Vanuit zijn gammele volgwagen kneep Walter tijdens de volgende rit alle Baskische vrouwen langs het parcours waar hij maar knijpen kon, en wekte met zijn schunnige liederen grote verontwaardiging onder de Vlaamse en Nederlandse toeschouwers.
Dit jaar is hij niet gegaan. Reden: David Millar! Proloogspecialist en, als wij de kenners mogen geloven, een zeer aantrekkelijke man. Walter was in elk geval verrukt over de Schot van Cofidis, die hij op een dag per ongeluk omschreef als de Schat van Cafidis. Had hij voor de keuze gestaan tussen een naakte David Millar en een, horesco referens, naakte Mia De Schamphelaere… hij had het niet geweten. Op doping betrapt!! Niet Mia, David. Op epo dan nog. Voor Walter stortte de wereld nog maar eens in.
‘Neen, níét David Millar. Laat het niet waar zijn’, zo begon hij een emotionele aflevering van ‘Pauli’s Pen’, waarin hij toegaf dat hij, tegen beter weten in, was blijven geloven dat in het peloton toch nog een páár coureurs zuiver reden. Onder wie Millar. Maar ook die illusie had hij moeten opbergen. ‘Foert’ tegen het wielrennen. Zoals hij een week voordien ‘foert’ tegen ethische principes had gezegd. En vervolgens had gepleit voor het opnemen van het Vlaams Blok in de regering, en het afschaffen van het migrantenstemrecht en het recht op sociale uitkeringen voor allochtonen.
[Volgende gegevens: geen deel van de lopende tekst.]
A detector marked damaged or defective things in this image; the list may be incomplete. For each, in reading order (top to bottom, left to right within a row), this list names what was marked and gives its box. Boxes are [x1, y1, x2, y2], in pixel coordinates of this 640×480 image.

‘Waarom ik stilaan niet meer van wielrennen hou’, stond als kop boven de column over David Millar, en het besluit loog er niet om. Het kon tevens worden geïnterpreteerd als een sneer naar De Schampheleer: ‘Als je grote liefde je bedriegt, niet eenmaal, niet driemaal, maar keer op keer en telkens met een ander, dan is het ooit uit met de liefde. Dat doet pijn, maar te vals is te vals en uit is uit.’
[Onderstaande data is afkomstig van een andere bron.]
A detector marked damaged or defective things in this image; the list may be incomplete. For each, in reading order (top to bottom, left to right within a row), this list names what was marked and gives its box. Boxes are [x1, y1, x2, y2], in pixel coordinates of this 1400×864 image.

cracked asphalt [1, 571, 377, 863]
En zo komt het dat Walter is thuisgebleven. En in ‘Pauli’s Pen’ van lieverlee dan maar uithaalde naar Walter Grootaers. Omdat die het Rad van Fortuin presenteert! Als vijftienjarige was Pauli nochtans ondersteboven geweest van De Kreuners. Zij heeft stijl en vooral het voor jongens als hij revelerende Ik dans wel met mezelf waren messteken dwars door zijn borst geweest. De Kreuners, dat waren rockers van bij ons. Ruige gasten. Die een zurkeltrut als Mia De Schamphelaere desnoods met geweld namen. En zie nu: Ben Crabbé en Walter Grootaers… de opvolgers van Jan Theys en Walter Capiau. Voor Pauli drong de conclusie zich op: ‘Foert tegen De Kreuners.’